Banyak individu yang berbondong-bondong dan memiliki ikatan bersama untuk
mendapatkan satu kursi dalam perguruan tinggi. Konsekuensinya adalah muncunya “overeducation” atau bisa disebut
pendidikan yang berlebihan. Karena, harapan yang muncul adalah setiap orang memiliki pendidikan yang
ekstra untuk menjamin jenis pekerjaan yang diinginkan.
Pendidikan Sebagai
Pembangunan Bangsa
Pendidikan
sejatinya memiliki fungsi yang mulia sebagai sebuah alat sosialisasi individu
yang intensif ke dalam nilai dan aspirasi bangsa. Pendidikan menjadi institusi
yang terdepan dalam menangani permasalahan bangsa. Sistem-sistem yang melembaga
ini diharapkan mampu melahirkan solution
maker dalam perjuangan bangsa ini menangani pembangunan yang terlambat (late-development effect).
Tantangan
yang harus dihadapi individu yang adalah semakin banyak orang memperoleh
kepercayaan pendidikan, surat-surat kepercayaan itu akan berkurang nilainya.

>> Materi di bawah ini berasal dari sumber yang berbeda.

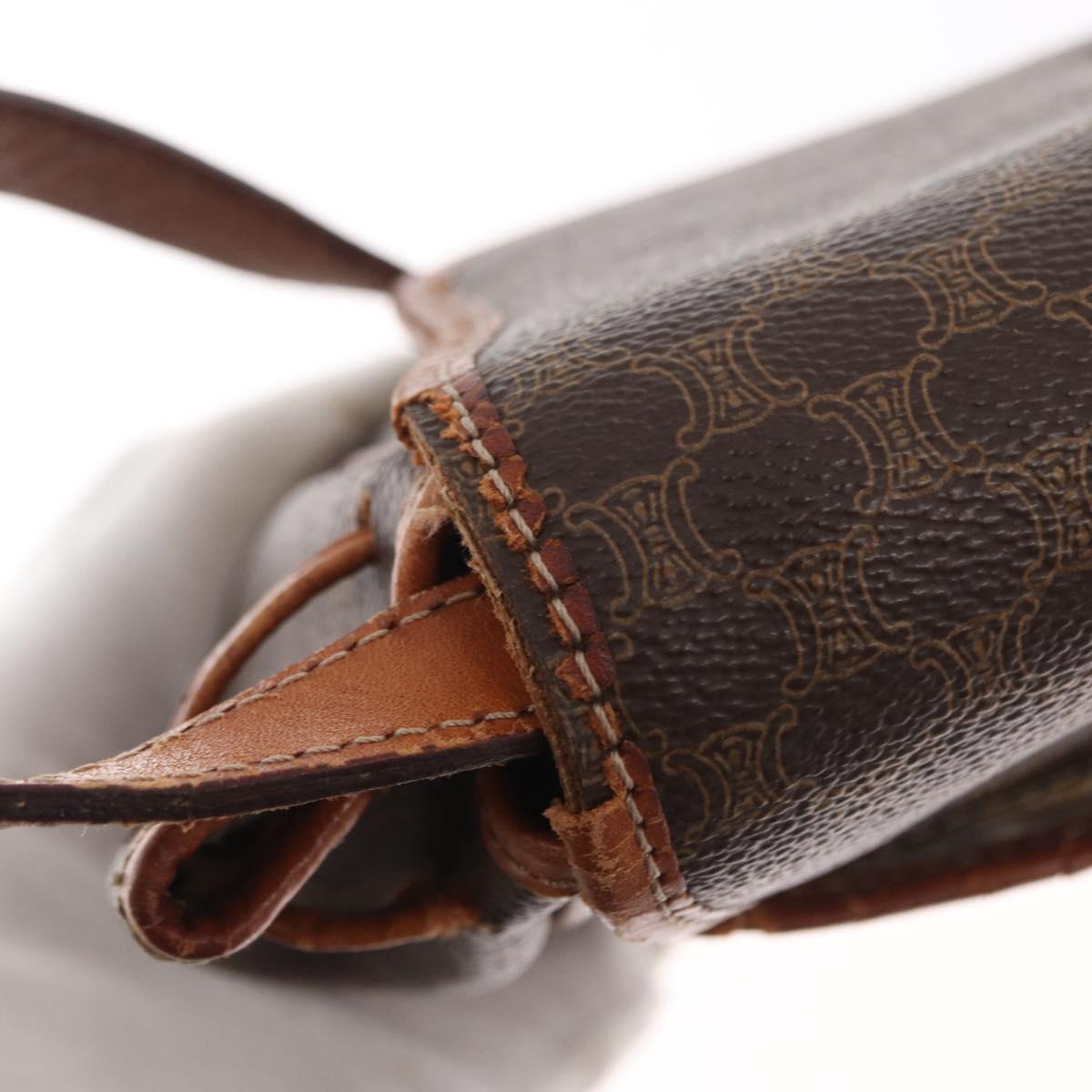 CELINE Macadam Canvas Shoulder Bag PVC Leather Brown Gold Auth bs31810
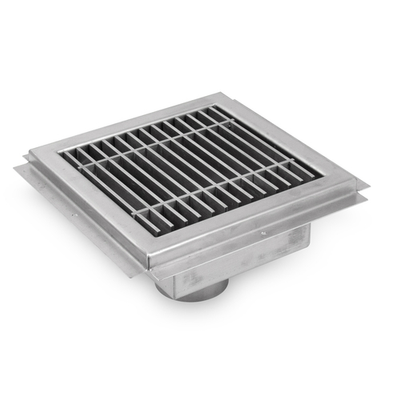 John Boos FTSG-1212 12" W x 4" H x 12" D 14 Ga Stainless Steel with Subway-Style Fiberglass Grating Floor Trough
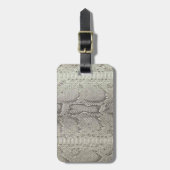 Beige&Black Snakeskinのプリント ラゲッジタグ (正面縦)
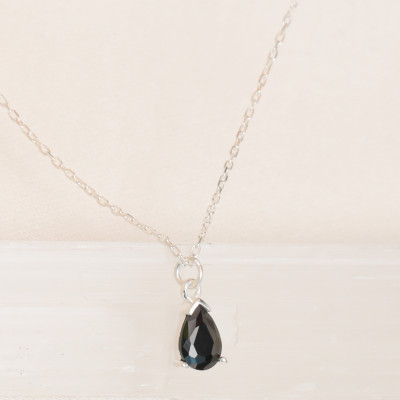 Black Obsidian Teardrop Choker Necklace Unisex Gemstone Gift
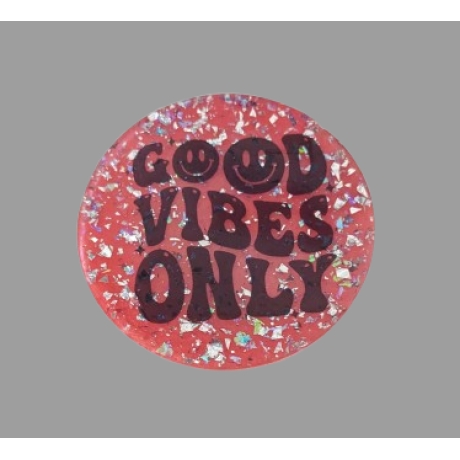Spruch-Bild Rund Good Vibes only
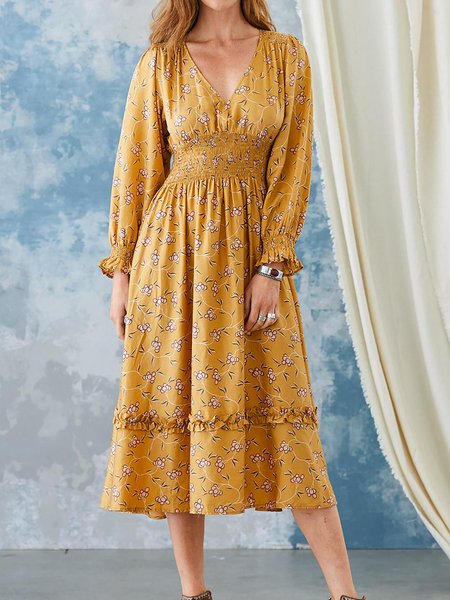 

Bishop Sleeve V Neck Floral Long Sleeves Loosen Boho Maxi Long sleeve Woven Dress, Yellow, Midi Dresses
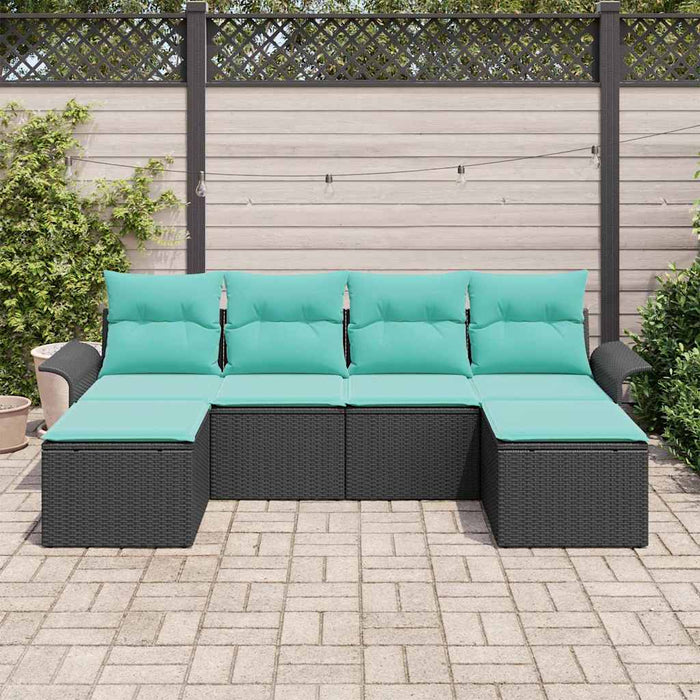 Set de canapele pentru grădină cu pernă 6 pcs Negru Rattan poli - WALTI WALTI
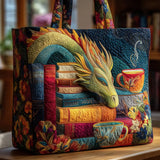 Handcrafted Bag - Dragon with Books and Mugs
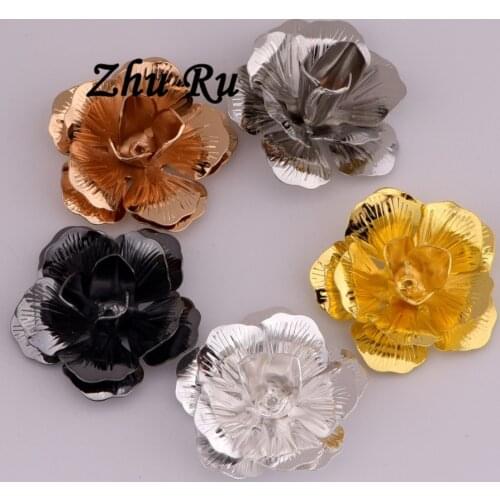 3pcs ZHU RU copper Three-dimensional Simulation rose flowers Charms Pendant fit for bracelet DIY Fashion Jewelry Accessories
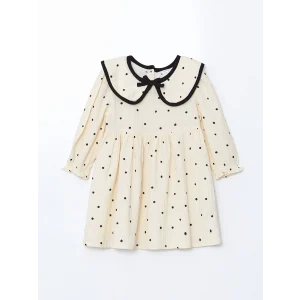 LCW Kids EKRU Puantiyeli Müslin Fiyonklu Kız Çocuk Elbise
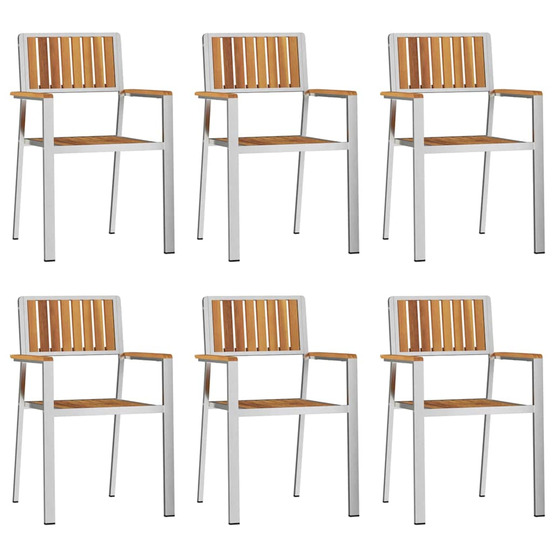 Chaise de jardin 6 pcs marron bois d'acacia massif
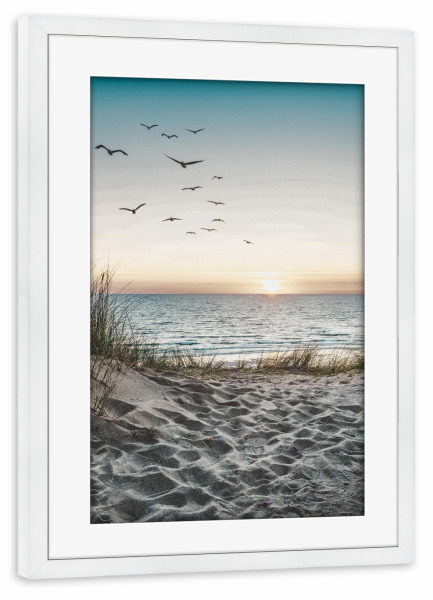 Poster mit Rahmen weiß "Strand und Vögel" artboxONE - Natur,Reise,Tiere,Reise / Strand und Meer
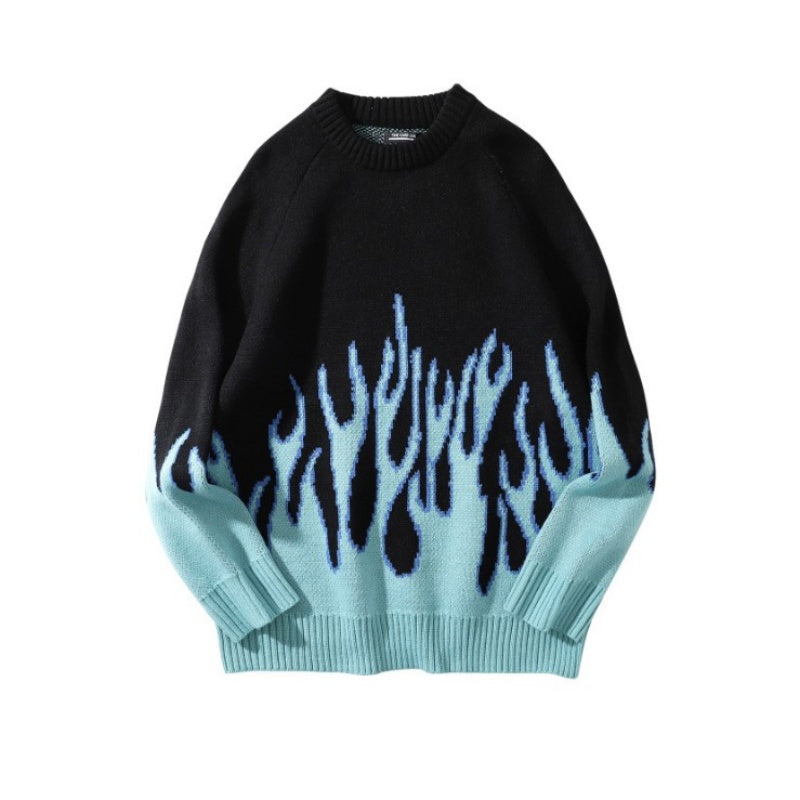 At Marvelous Fire Flame Knit Tops Sweater Jacquard Men's Women's Unisex Flashy Cool Street Jacquard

Sehingga lembaga pendidikan harus memiliki tujuan national building. Tidak hanya melirkan individu yang langsung
berhadapan dengan pengangguran dan tidak produktif.
Pendidikan
untuk pembangunan merupakan sebuah tugas semua masyarakat dalam mengisi
kemerdekaan. Dimensi yang harus dibangun dalam lembaga pendidikan adalah
dimensi mental, dimensi emosional, imensi spiritual dan kecerdasan. Bukan hanya
memfokuskan diri terhadap kuantitas saja melainkan yang terpenting adalah
kualitas. Melahirkan individu yang berpikiran growth mindset, yaitu individu yang menyakini apa yang ada dalam
dirinya bisa ditingkatkan dan kecerdasan yang dimiliki diyakini bisa
ditingkatkan. Bukan menciptakan individu yang berpikiran fixed mindset, yaitu individu yang mudah menyerah, yakin bahwa
kecerdasan yang dimiliki sudah ditentukan dan dibatasi, dan tidak ada yang
mengubahnya.
Untuk
memutus siklus permasalahan bangsa yang ini dibutuhkan energi dari lembaga
pendidikan. Sebagai pemegang mutlak dalam peningkatan pembangunan yang ada di
Indonesia. Sehinggga harapan founing
father bangsa ini bukan hanya instuisi belaka, namun masa depan bangsa ini
berada dalam genggaman civitas akademik.
Harapan
dari kualifikasionisme pendidikan adalah bisa memberikan andil dalam perubahan
bangsa. Karena pada dasarnya pendidikan memiliki tujuan membentuk kecapakapan,
menjadikan warga negara yang cerdas, aktif, kritis, namun tetap berkomitmen
dalam menjaga integrasi bangsa dan menciptakan agent of change.